Directions for this task →
Reproduce the listing in full, pictures excluded.

Available records →
◇ ◇ ◇ ◇ ◇
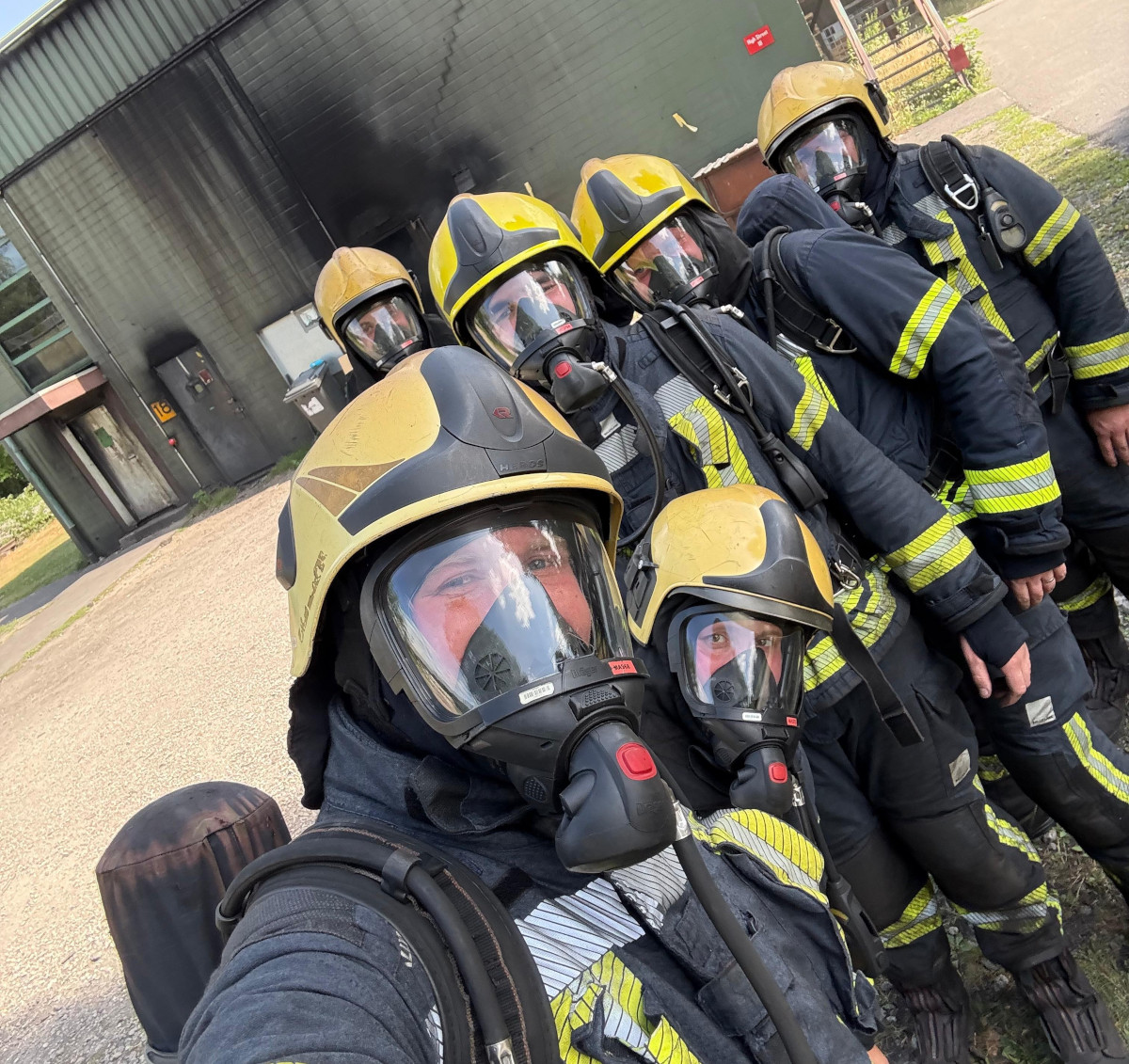 Atemschutzträger im Übungseinsatz: Feuerwehrleute probten einen Realbrand mit elektrischen Gefahren. Fotos (2): Freiwillige Feuerwehr Werne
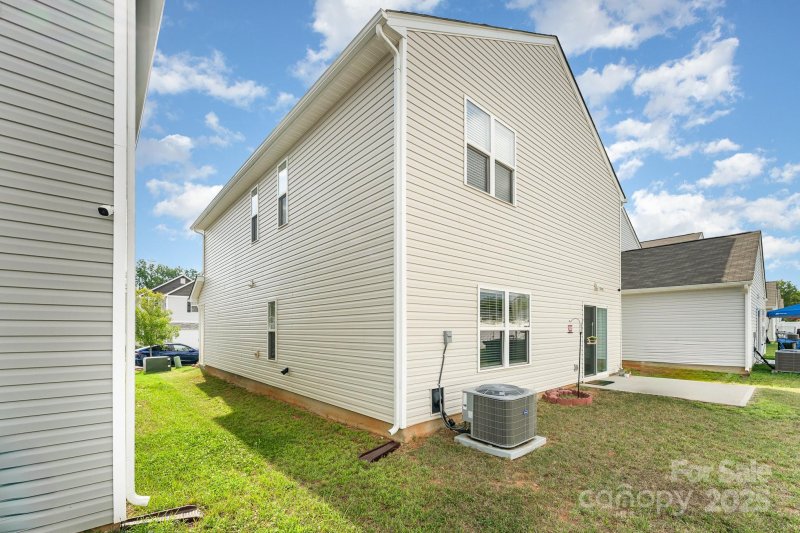 Property image 5 of 4037 Stoneygreen Lane in Stoneygreen, Charlotte, NC 28215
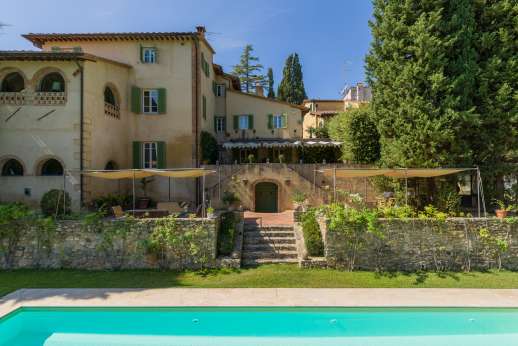 Villa Dasya | 7 Bed Luxury Villa with Pool | Pisa & Lucca - View of the house from the pool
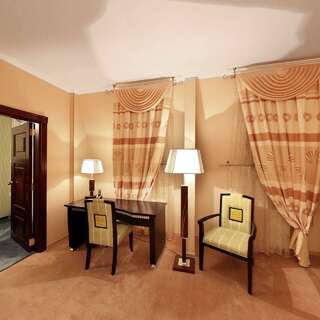 Гостиница Бел Отель Белореченск Номер люкс-5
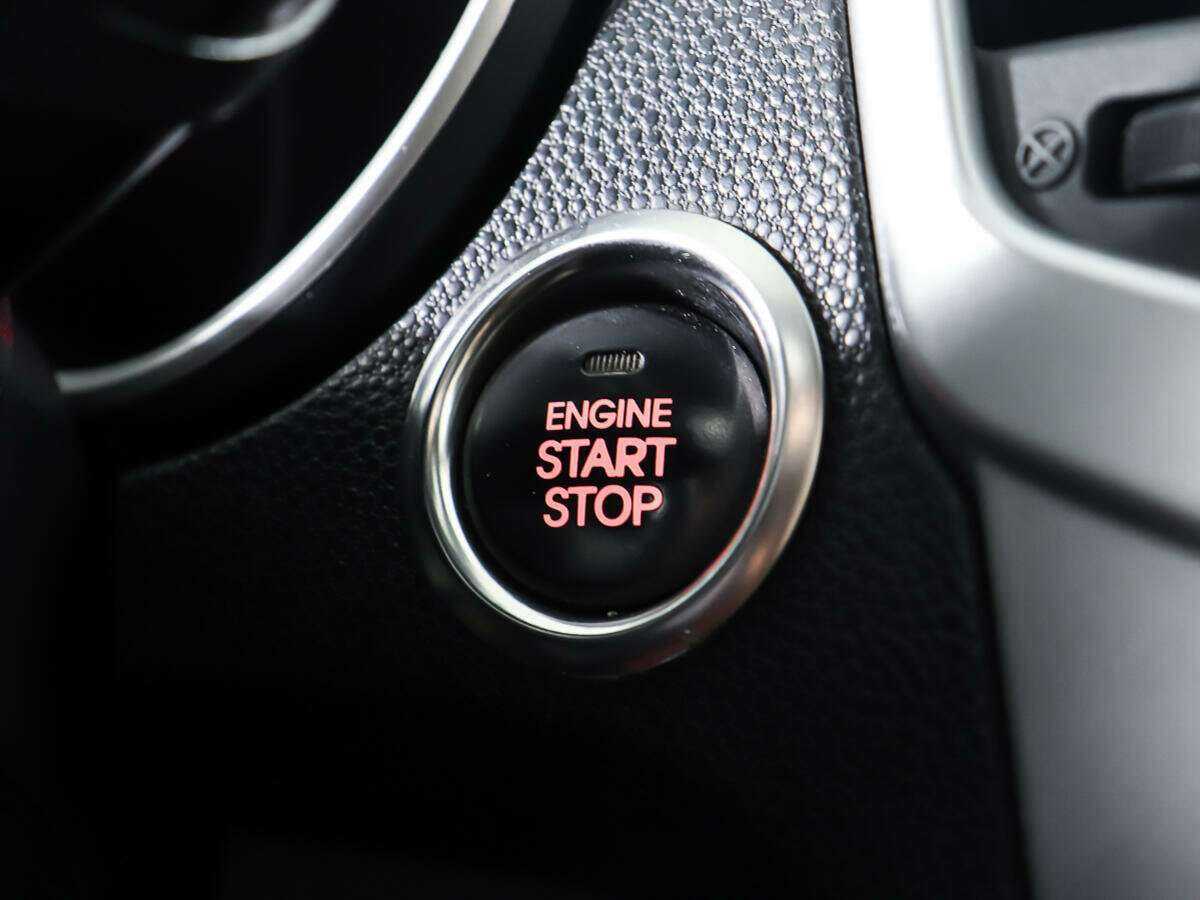 Kia Venga, 2011 Фото №18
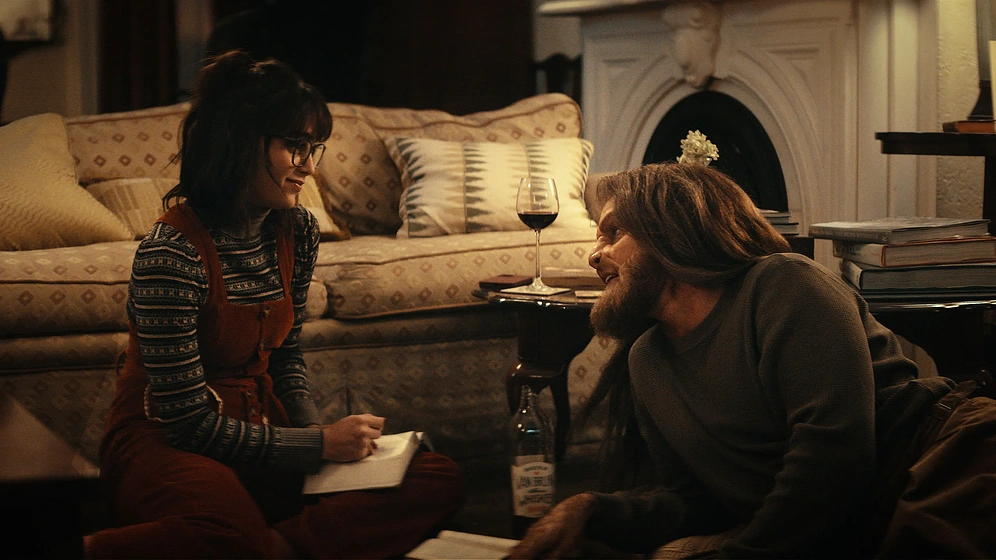 Tommy Dewey y Melissa Barrera en Amor a lo Bestia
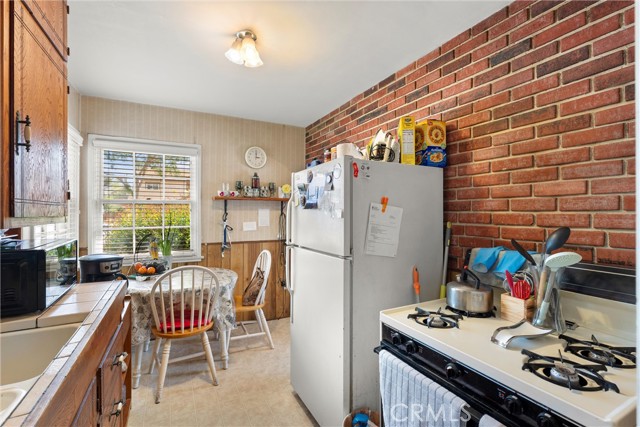602 Stanley Avenue, Long Beach CA: https://media.crmls.org/medias/f4f63a28-770f-4b6e-ac92-9b7ab2988dc7.jpg
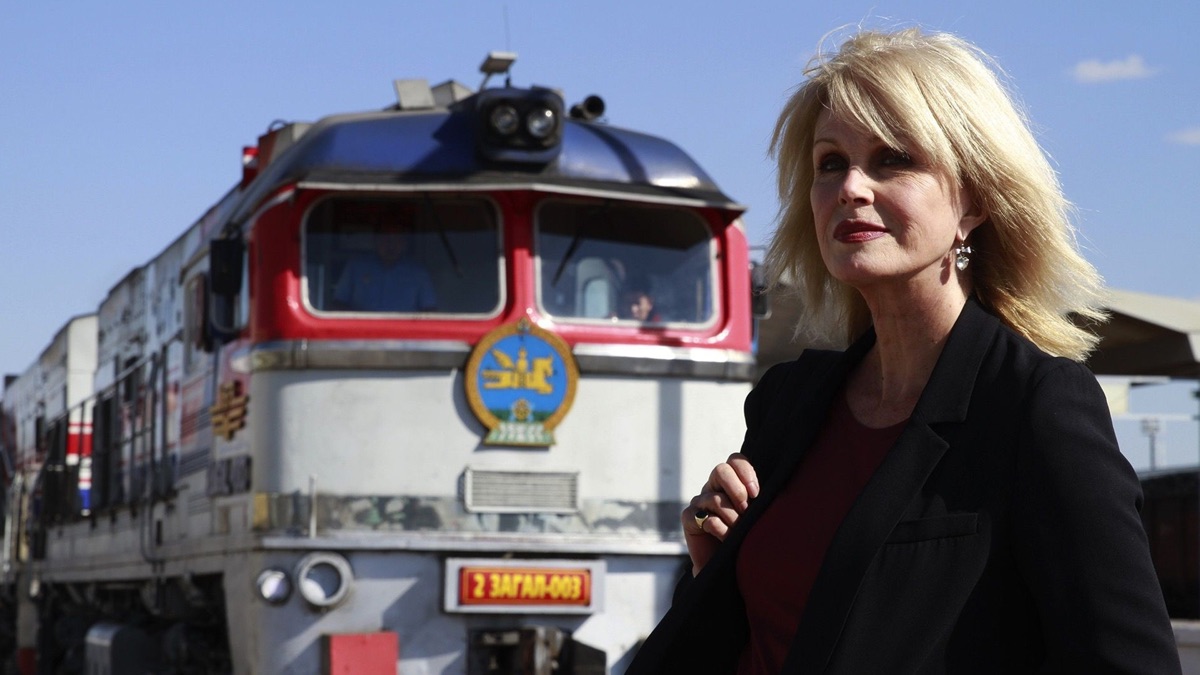 Japan To Siberia – Joanna Lumley's Unseen Adventures (Season 1, Episode ...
◇ ◇ ◇ ◇ ◇
Expected output →
 Atemschutzträger im Übungseinsatz: Feuerwehrleute probten einen Realbrand mit elektrischen Gefahren. Fotos (2): Freiwillige Feuerwehr Werne
 Property image 5 of 4037 Stoneygreen Lane in Stoneygreen, Charlotte, NC 28215
 Villa Dasya | 7 Bed Luxury Villa with Pool | Pisa & Lucca - View of the house from the pool
 Гостиница Бел Отель Белореченск Номер люкс-5
 Kia Venga, 2011 Фото №18
 Tommy Dewey y Melissa Barrera en Amor a lo Bestia
602 Stanley Avenue, Long Beach CA: https://media.crmls.org/medias/f4f63a28-770f-4b6e-ac92-9b7ab2988dc7.jpg
 Japan To Siberia – Joanna Lumley's Unseen Adventures (Season 1, Episode ...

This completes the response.